From an analysis of the SMGs with f_1.2 mm > 2.5 mJy or S_850 μm > 7 mJy (22 `bright SMGs'), we expect the large majority to be detected in at least 2 SWIRE bands. Ten (45%) of these 22 `bright SMGs' are detected above the SWIRE 24 μm ∼5σ–6σ flux density limit (∼250 μJy), 7 of them (32%) are brighter than 400 μJy, 20 (91%) are detected at both 3.6 and 4.5 μm above the SWIRE 5σ limits, 18% are detected at 5.8 μm and 27% at 8.0 μm¹⁹.

The density of bright (f_1.2 mm > 2.5 mJy or S_850 μm > 7 mJy) SMGs is ∼230 per sq. deg. (Voss et al. 2006; Coppin et al. 2006), which means that in ∼50 sq. deg. SWIRE would detect with IRAC about ∼10,000 sources that are typical of those found in submillimeter surveys, and ∼5,000 at 24 μm (>3,000 brighter than 400 μJy), which is 10 times larger than all existing MAMBO-SCUBA surveys put together. Appreciable SWIRE detectability rates are also found for the submillimeter fainter SMGs (3.2 < S_850 μm < 7 mJy): 36% detectable at 24 μm (14% brighter than 400 μJy); 86% at 3.6 and 4.5 μm, 5% at 5.8 μm and 9% at 8 μm, so many thousand more submillimeter fainter SMGs are also to be found among SWIRE sources, including many 24 μm-detected sources. Moreover, Spitzer offers the opportunity to investigate possible selection biases inherent to submillimeter surveys in favor of objects dominated by cool dust.
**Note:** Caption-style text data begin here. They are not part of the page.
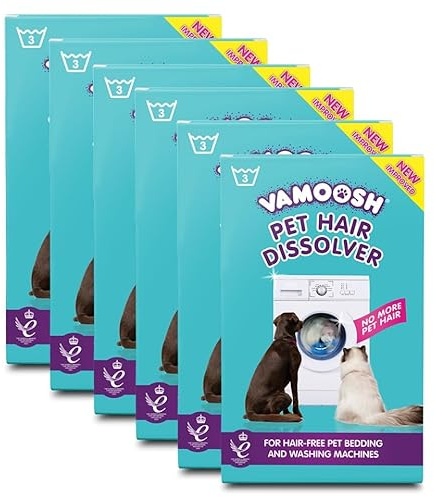 Vamoosh Pet Hair Dissolver | No Harmful Chemicals | Safe for Pets | Patented Pet Hair Dissolving Formula | Leaves no Residue | Removes Odor | Dissolves Dog, Cat & Animal Fur |100g (Pack of 18)
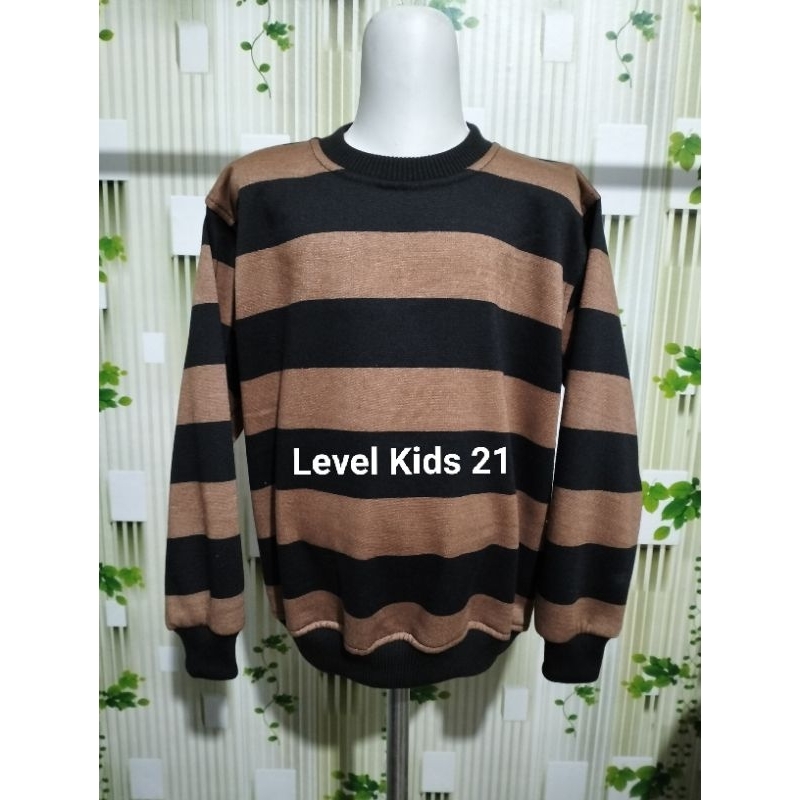 switer crewneck oblong salur anak laki-laki perempuan 2-12 tahun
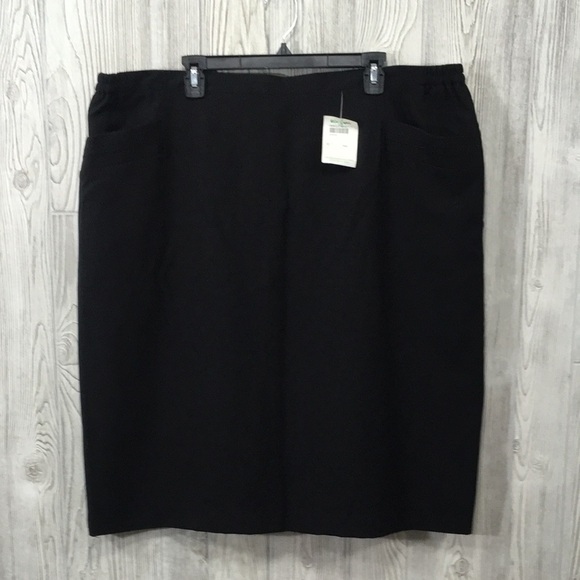 EL Corte Ingles Womens Plus Size 62  (Spain) XXL Solid Black Skirt - Picture 1 of 10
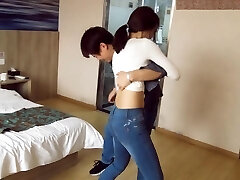 Japanese ballbust in tight jeans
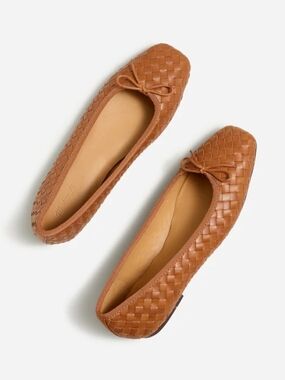 New! Madewell The Anelise Ballet Flat in Woven Leather Warm Coffee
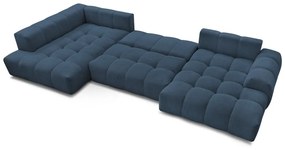 Divano angolare blu scuro allungabile e con contenitore (penisola a sinistra/a U) con rivestimento in ciniglia Everest – Bobochic Paris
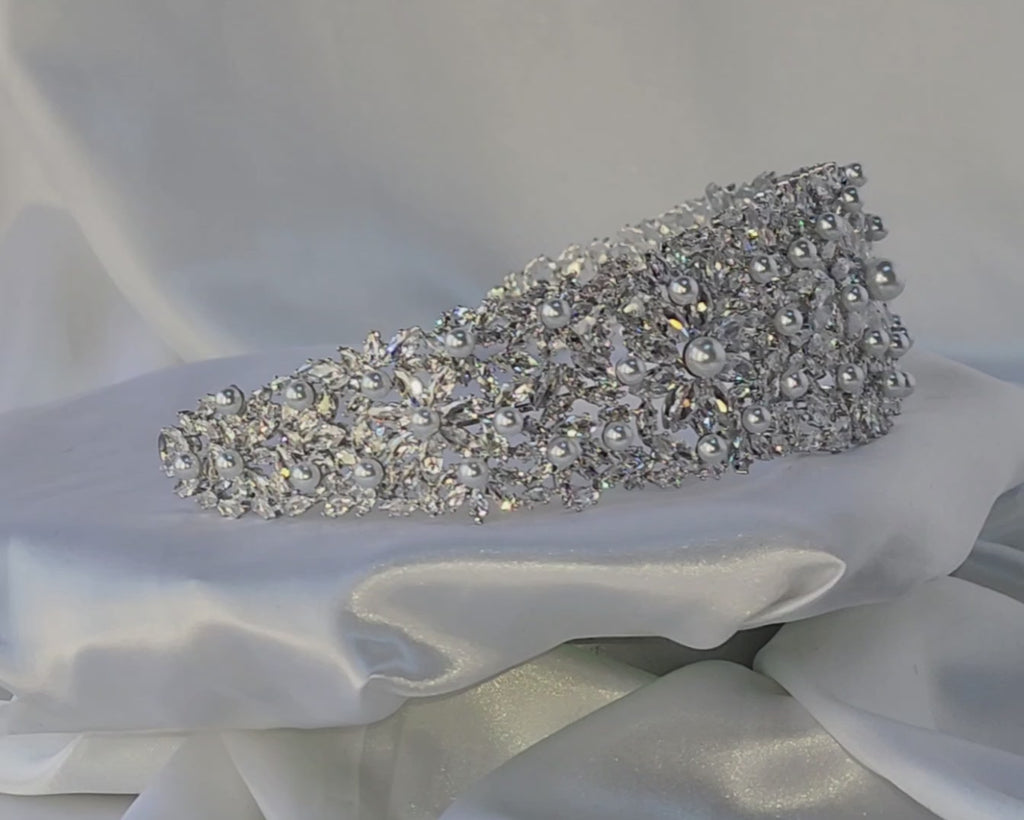 Swarovski Pearl and Crystal Headband Tiara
The identification of high-z ULIRGs among the large SWIRE population of galaxies is not trivial, however, because they are faint in the optical and their optical–mid-IR SEDs can be similar to those of more quiescent star forming galaxies. Moreover, only long wavelength data (far-IR and mm/submillimeter) and reliable redshifts can confirm the extreme luminosities of the ULIRG candidates, but only 0.4% of the SWIRE population is detected at λ⩾ 70 μm, and most of these ULIRG candidates are at z < 1 or too faint in the optical to be followed-up spectroscopically.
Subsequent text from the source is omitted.